說到這裡,魏孤離的情緒再也掩飾不住,滔滔的憤怒和恨意,帶着龐大的氣勢,讓葉天感覺自己如一葉小舟處在滔天巨浪上,心膽俱裂。
轉瞬之間,魏孤離氣勢一凝,縮回體內,轉過身來,陰沉着臉對着葉天寒聲說道:“現在,你答應我第二件事。”
葉天正色道:“義父請說。”
“當你實力足夠時,滅掉元陽府。”
“是!”葉天毫不猶豫。
魏孤離的臉色緩了一緩,隨即又輕嘆道:“其實現在告訴你,義父也知道對你來說還很遙遠,但世事無常,義父也不知道將來還有沒有機會再和你說這些,所以這次既然說開了,那就一併告訴你了。”魏孤離的話十分奇怪,帶着無奈的語氣,好像自己命不久矣一般。
“但你要注意,現在的元陽府,你還動不得。雖然說元陽府在六大勢力中實力最弱,但那也不是你可以對付的。更何況,六大勢力中,元陽府最是卑鄙無恥,不擇手段,睚眥必報,你現在一旦惹上他們,就必然招來無窮的麻煩和生命危險。”
“六大勢力,每一個勢力都非常強大,有着世人所謂的傳說級坐鎮,而且武宗也不知凡幾,本來以他們的實力,就算想要瓜分整個天元帝國也輕而易舉,他們只是在拜天大帝的威懾下不敢動彈而已。等某一天大帝參透天道,登升上界,到時候天元帝國必將陷入一場羣雄割據的災難當中。”

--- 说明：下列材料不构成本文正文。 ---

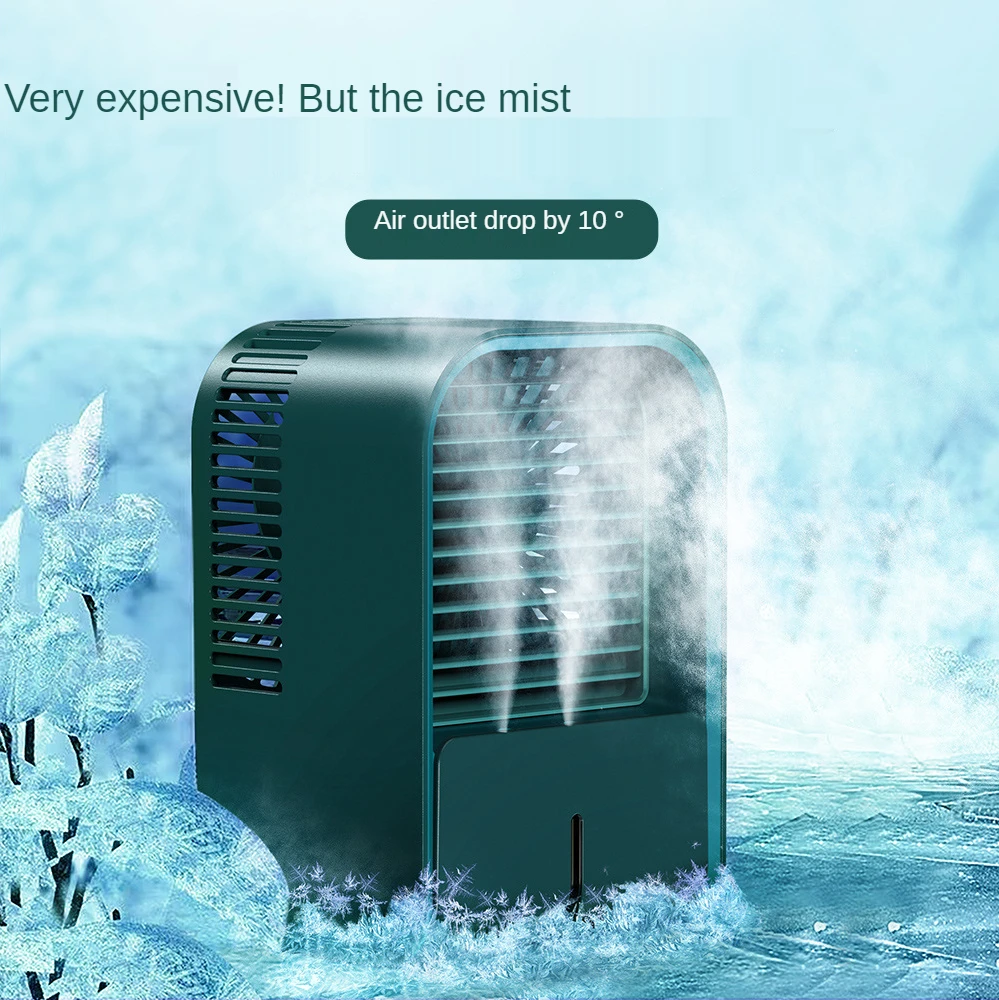 저렴한 데스크탑 가습 얼음 바람 팬 USB 데스크탑 사무실 스프레이 팬 공기 냉각기 휴대용 에어컨 가습기 팬 미스트 포함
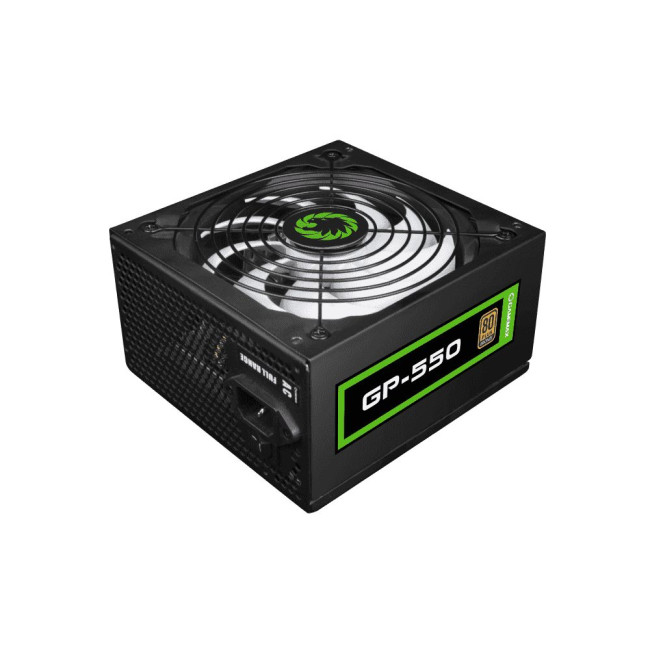 Блок живлення ATX 550W APFC, 80+Bronze, вентилятор 140 мм, чорний, коробочний GAMEMAX GP-550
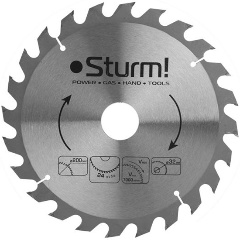 Изображение товара Диск пильный Sturm! 9020-200-32-24T, 200x32x24 зубовС ПЕРЕХОД. КОЛЬЦОМ НА 30мм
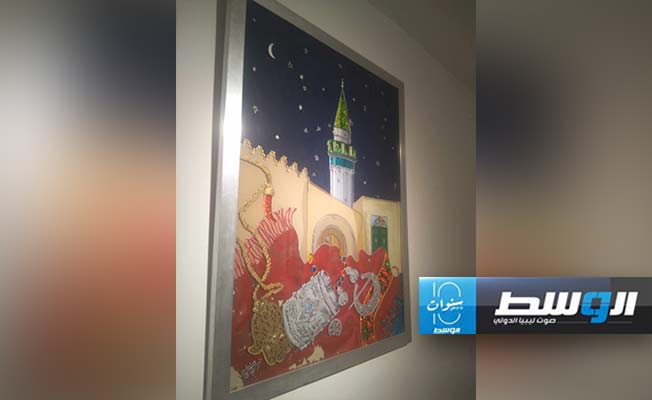 معرض فن تشكيلي في دار كريسته بالمدينة القديمة، 14 أغسطس 2024. (بوابة الوسط)
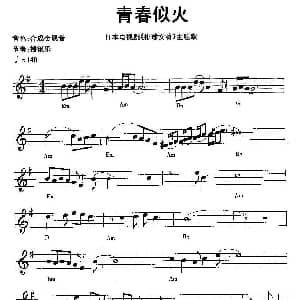 电子琴谱 | 青春似火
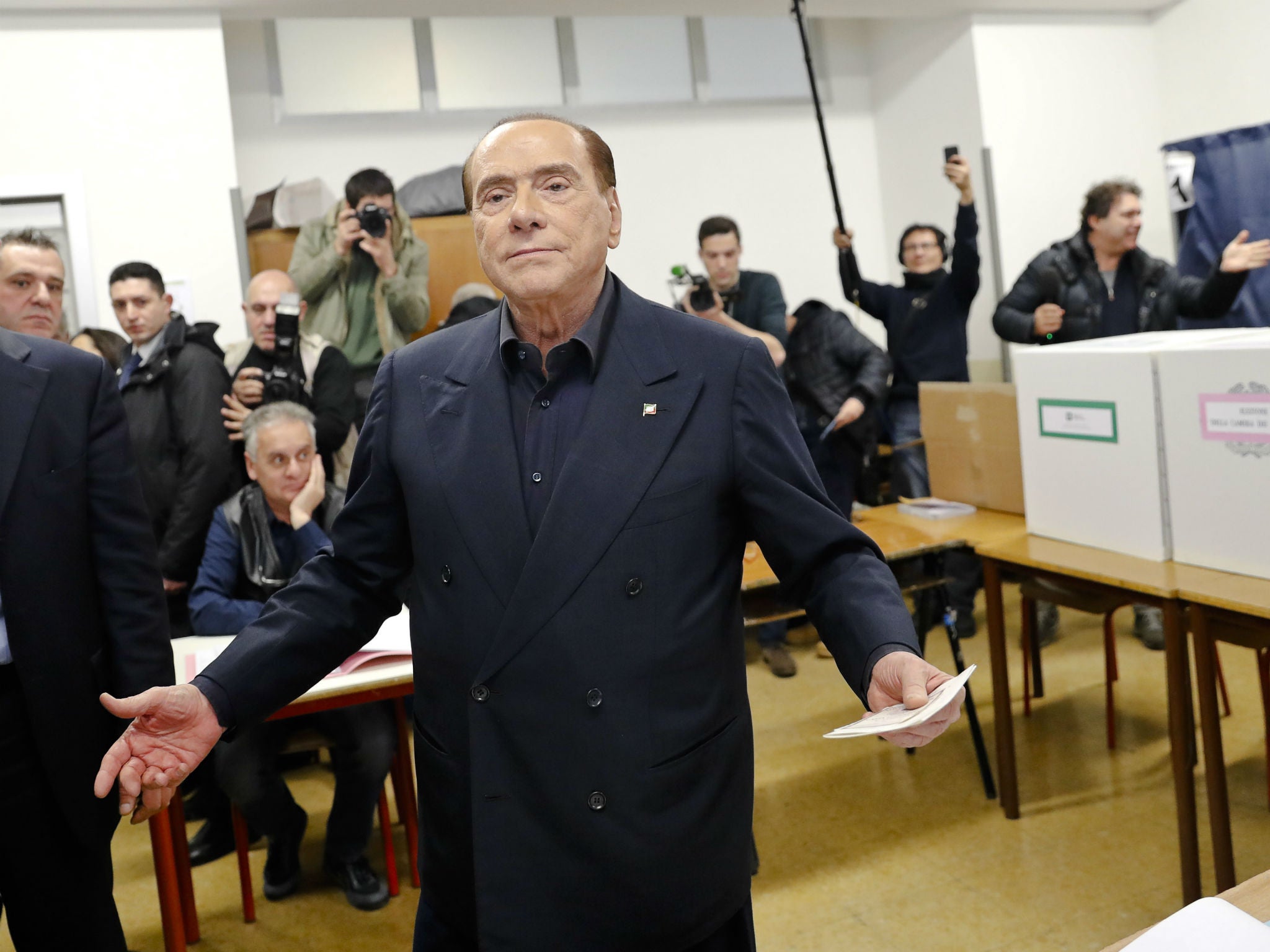 Despite his enduring appeal, to some Berlusconi remains an object of ridicule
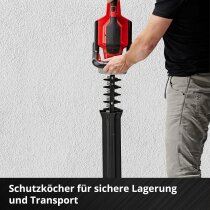 Einhell 36V Heckenschere GE-CH 36/65 2 x Sealed Akku 4.0 Ah Wasserdicht + Twincharger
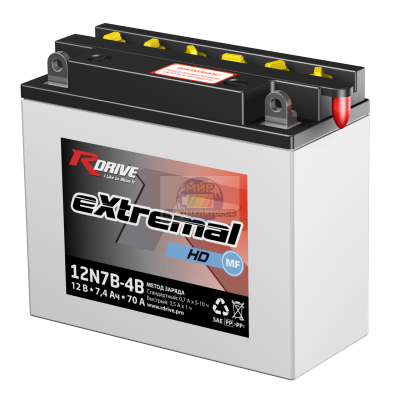 R-DRIVE EXTREMAL HD 12N7B-4B 7,4Ач 70А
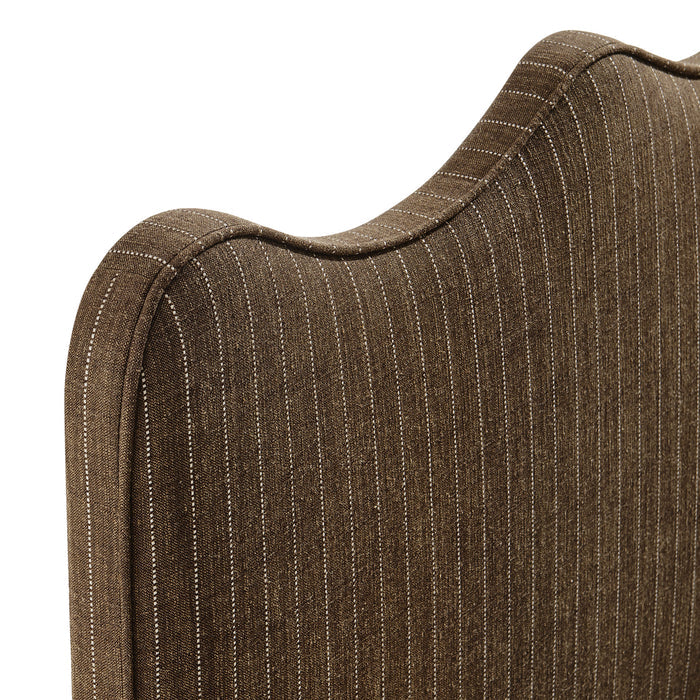 Athena Striped Fabric Upholstered Twin Size Headboard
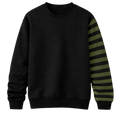 SWEATSHIRT METAZZ BLACK & GREEN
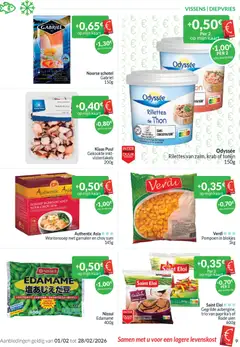 Intermarché - De februariaanbiedingen met de Intermarché-kaart - Voorbeeld van een folder van Intermarché, geldig van 01.02.2026 | Pagina: 9 | Producten: Tonijn, Pompoen, Kaart, Kekszek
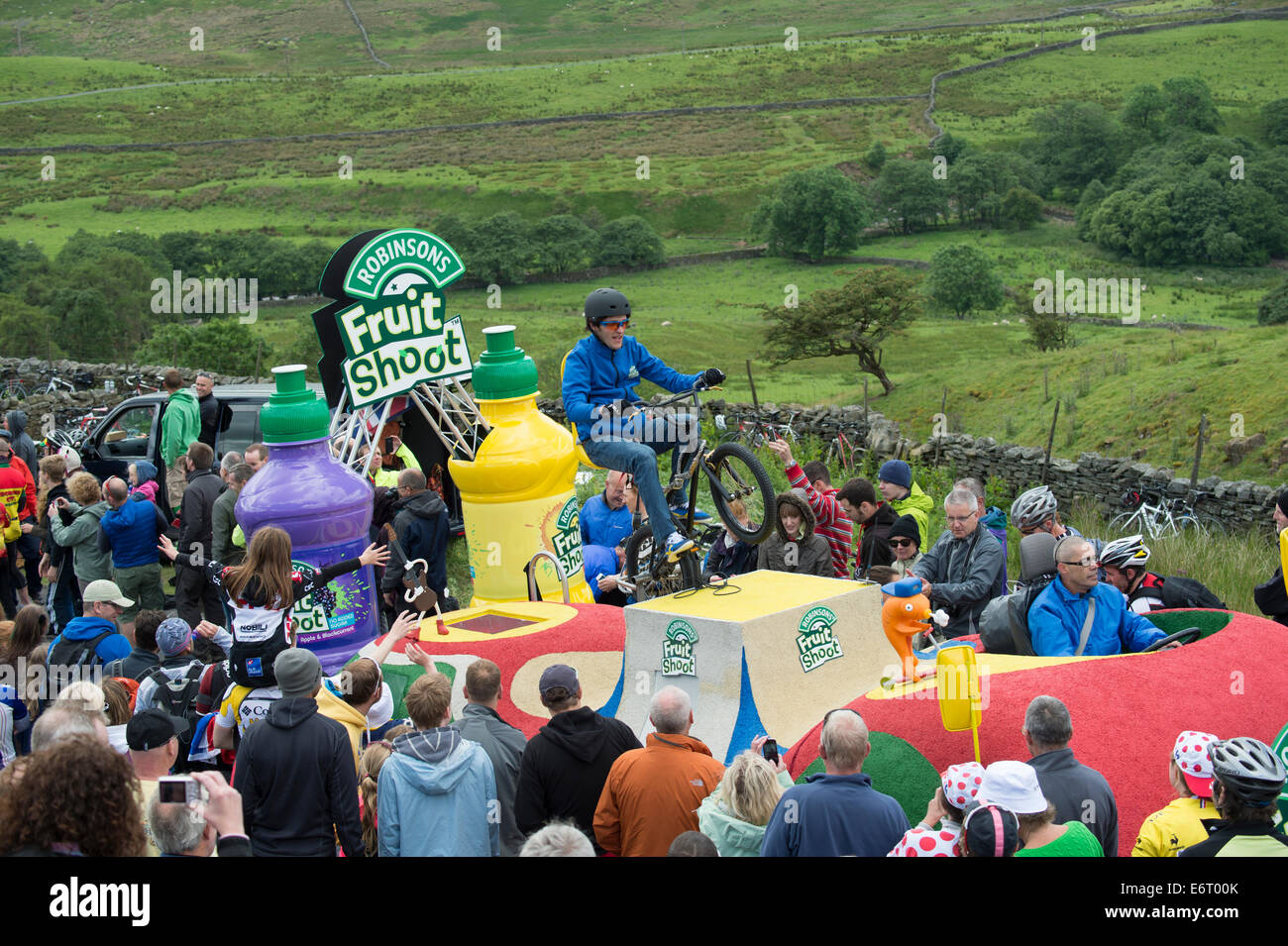 2014 Tour de France dans le Yorkshire sur le col des papillons Banque D'Images 2014 Tour de France dans le Yorkshire sur le col des papillons Banque D'Images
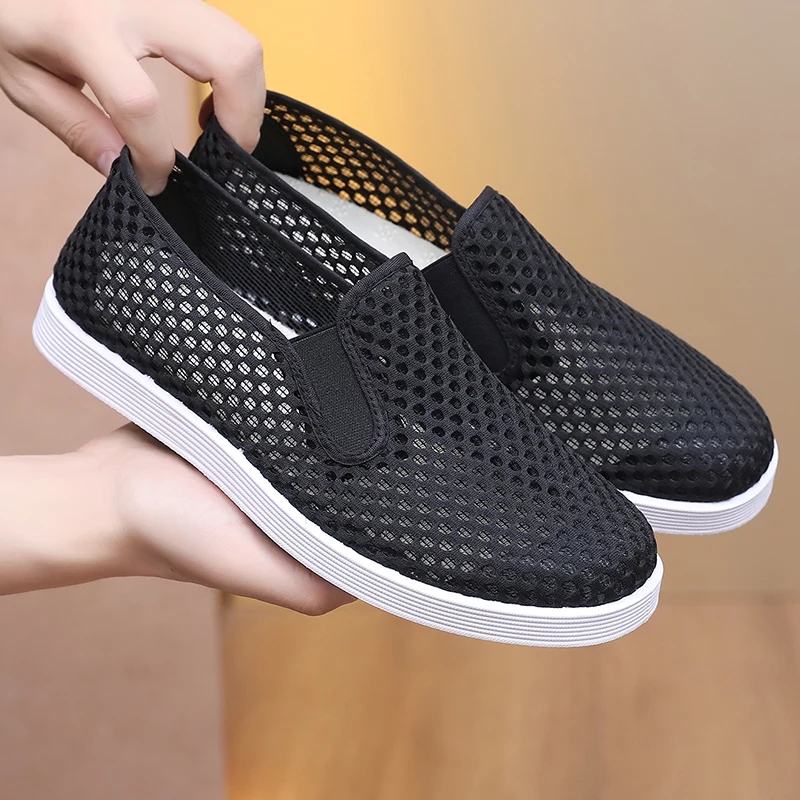 Men's Casual Sneakers Summer Breathable Mesh Lightweight Cheap Free Shipping Shoes - Image 4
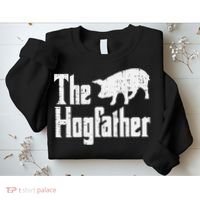 Pig The Hogfather Funny Hog Dad Fathers Day Parody Papa Sweatshirt thumb 2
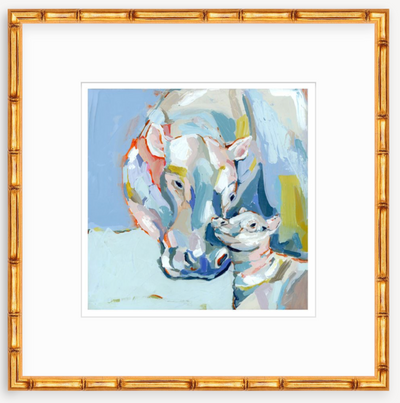 Hippo Love Fine Art Print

“上界?”葉天猛然從魏孤離的言語中抓到這兩個字,心中大惑。
“這個你如今無需明白,時候到了自然便懂,你如今的重點在於此次甲子大會。此次大會,不同以往,有陽辰那等被傾力栽培的青年才俊參與,對於七大諸侯國來說,必是一次嚴峻的挑戰。”說到這裡,魏孤離突然頓了頓,然後說道,“此次你的真正目的,在於傾城吧?”
“不錯!”葉天神色不變,他知道遲早有一天,自己和傾城之事都要公開。
魏孤離輕嘆一聲,道:“本來你爲我義子,她爲我外孫,輩分不合,但這個世界上,本就沒有什麼不可能之事,只要你實力到達某個境界,這些輩分什麼的問題自然迎刃而解。問題就在於,以你如今的實力,還遠遠不能入燕王之眼,面對陽辰玉修羅等世家子弟,你的勝算不超過一成。即使假若你摘得此次大會桂冠,想必那一言九鼎的九鼎王也會橫生枝節,絕不會讓你輕易得逞。”
“這點我也知道,但事在人爲,至少若我得冠,傾城之事暫時無憂。”
“你還是不懂!”魏孤離又嘆了口氣,“義父早就知道你將來必非池中物,但正是因此,你現在才需隱忍,鋒芒太露,木秀於林風必摧之。傾城固然爲你所愛,但爲了所愛,爲自己招來殺身橫禍,是否值得?”
聽到魏孤離竟是在勸自己放棄這次甲子大會,葉天立即斷然道:“對我來說,有些事,比生死更重要。男子漢大丈夫,有所爲有所不爲,若我爲了苟全自己,而背棄承諾,將愛我之人棄之不顧,那我將永遠瞧不起自己。甲子大會之事,我意已決,侯王不必多說。”
葉天雖然平常待人還算平和,但對於一些有關自己原則和信念上的東西,則是不容人置喙。
“好!好個有所爲有所不爲!那你去吧,好自爲之!”魏孤離大笑,笑得無比蒼涼。
在葉天走出內殿半個時辰後,就在無數武修翹首期盼之時,主臺之上,突然同時出現四人,都是老者,其中一人,衆人都認識,正是此次大會的操辦人魏侯王魏孤離,而在他身邊,還有三個耄耋老者,其神態威嚴,也和魏孤離一般。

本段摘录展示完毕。